30 for 30: Of Miracles and Men (2015)
In this country, it’s known as the “Miracle on Ice,” the defeating of the Soviet Olympic hockey machine back in the Lake Placid games in 1980. It endures as one of the greatest and most surprising upsets in the history of organized sport, but for the Russian players, it’s been an embarrassing burden they’ve all had to endure in the four-and-a-half decades since that fateful night. Jonathan Hock’s excellent, probing documentary examines the players who were on the wrong side of the score that night and finds a fascinating group of men, many of whom warm and funny, as they reminisce about the night that forever changed the course of their lives, and everything they endured to get there in the first place.
Cesar Chavez (2014)
Biopics are usually guilty of trying to cram too much of a person’s life into an extremely narrow two-hour frame, using all sorts of cheap shortcuts to get to the “greatest hits” moments. In truth, Diego Luna’s film about the unlikely champion of civil rights and organized labor falls prey to some of those traps, but it does enough other things well to remain well worth watching. It helps to have someone as talented as Michael Peña in the lead role, but it’s also Chavez’ life story, culminating in his time as the head of the United Farm Workers union, which almost can’t help but be fascinating, even displayed as it is in brief, dramatized snippets.
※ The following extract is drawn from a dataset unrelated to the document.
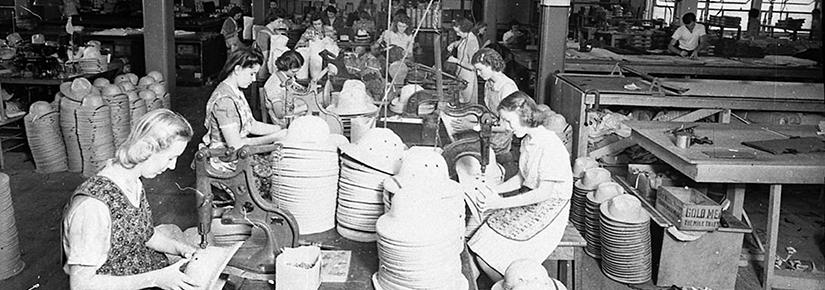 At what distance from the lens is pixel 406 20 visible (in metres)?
10.1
How to Train Your Dragon 2 (2014)
As far as kid’s movies go, anything that isn’t incessantly loud, blaring, fart-jokey, or thoroughly asinine is ahead of the game in my book. The first Dragon film was a welcome surprise, a warm, good-hearted tale about a boy and a fearsome dragon who became friends. The sequel, amazingly enough, follows suit, creating an eminently watchable fable about bridging differences and finding common ground. Would I not have a 9-year-old in tow, I’m not sure I would be going out of my way to see it, but if you are similarly burdened (joyfully! joyfully!), you could do much, much worse than cracking this one open. Featuring the considerable vocal talents of everyone from Cate Blanchett to Djimon Hounsou. (Available March 11th)
Life Itself (2014)
You might have mixed opinions about the late Roger Ebert, prolific film critic, TV personality, possessor of thumbs, but after watching Steve James’s moving documentary about Ebert’s life and painful death—he contracted cancer of the tongue and ultimately had to have the entire lower part of his face removed—you will most certainly come away with a great deal of respect for the man. In his later years, especially after he lost the ability to speak (and his sonorous voice was forever silenced), he seemed to become a great deal more humane, and his writing, always prolific, was deeper, richer, and more connected to his soul. A surprisingly engaging and emotionally fulfilling film, which is pretty much the best epitaph imaginable for him. (Available March 19th.)